Tiafoe broke through in a major way in 2018. The Next Gen ATP Finals qualifier had never reached a tour-level quarter-final before last year, but he won his maiden ATP Tour title at the Delray Beach Open and also made the final in Estoril. So heading into 2019, Tiafoe had a message for coach Zack Evenden and a couple of other members of his team.
“I'm going to pop off. No reason why I can't do these things,” Tiafoe said. “I didn't think it was going to happen right away. This is unbelievable.”
Tiafoe is the youngest American to reach a Grand Slam quarter-final since former World No. 1 Andy Roddick did so at Wimbledon in 2003. He is also the youngest player from his country to advance to the last eight in Melbourne since Roddick in 2003. Thanks to Tiafoe and Stefanos Tsitsipas, who upset six-time champion Roger Federer, it is the first time since the 2009 US Open (Cilic & Del Potro) that two 21-and-under players are into the last eight of a major. If fourth seed Alexander Zverev beats Milos Raonic on Monday, it’ll be the first time three players of that age broke through to the quarter-finals of the Australian Open since 1997 (Costa, Moya, Rios).

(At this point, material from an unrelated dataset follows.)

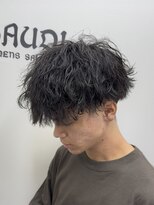 メンズサロン ガウディ 三宮店(men's salon Gaudi)&nbsp;刈り上げツーブロックマッシュ×縦落ちツイストスパイラルパーマ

Tiafoe has gained plenty of attention with not just his top-tier play, but his post-match celebrations at this event, mimicking moves by basketball superstar LeBron James. James even commented on an ESPN Instagram post comparing the two athletes’ celebrations with his approval.
“This is crazy. Saw LeBron commenting on that ESPN thing, talking about ‘The Silencer’. My phone is blowing up. I can barely use it,” Tiafoe said. “Clearly he knows who I am now… That's just crazy.”
While it is plenty exciting now, there were moments in Tiafoe’s match against Dimitrov when it appeared the American was in trouble, even after leading by two sets. The World No. 39, who will crack the Top 30 for the first time on 28 January regardless of his results the rest of the tournament, let slip a 4-2 lead in the third set. In the fourth set, it seemed Dimitrov was by far the fresher player, and the Bulgarian earned three break points deep in the set.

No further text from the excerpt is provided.